WHAT THE TASK REQUIRES:
Your answer must match, word for word, the lines from the one holding "Applied Software Risk" through the final line below, with pictures excluded.

------ DATA FOR REVIEW ------

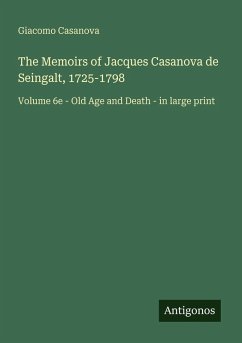 Cover The Memoirs of Jacques Casanova de Seingalt, 1725-1798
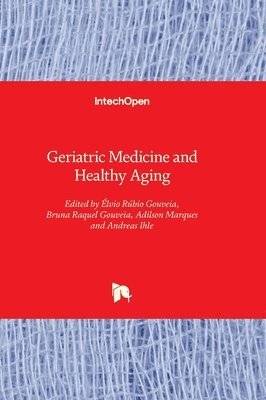 Geriatric Medicine and Healthy Aging 1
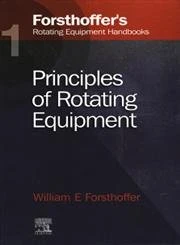 Forsthoffer's Rotating Equipment Handbooks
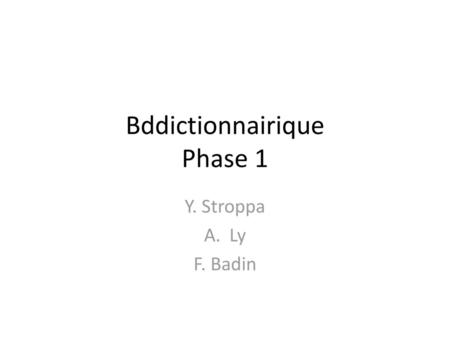 Bddictionnairique Phase 1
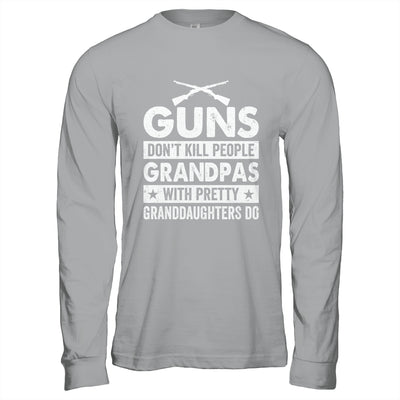 Guns Dont Kill Grandpas With Pretty Granddaughters Do Humor Shirt & Hoodie | teecentury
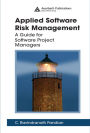 Applied Software Risk Management: A Guide for Software Project Managers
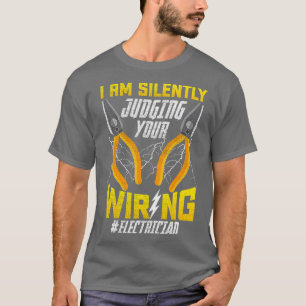 T-shirt Je Juge Silencieusement Votre Câblage Électrique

------

TASK SOLUTION:
 Applied Software Risk Management: A Guide for Software Project Managers
 T-shirt Je Juge Silencieusement Votre Câblage Électrique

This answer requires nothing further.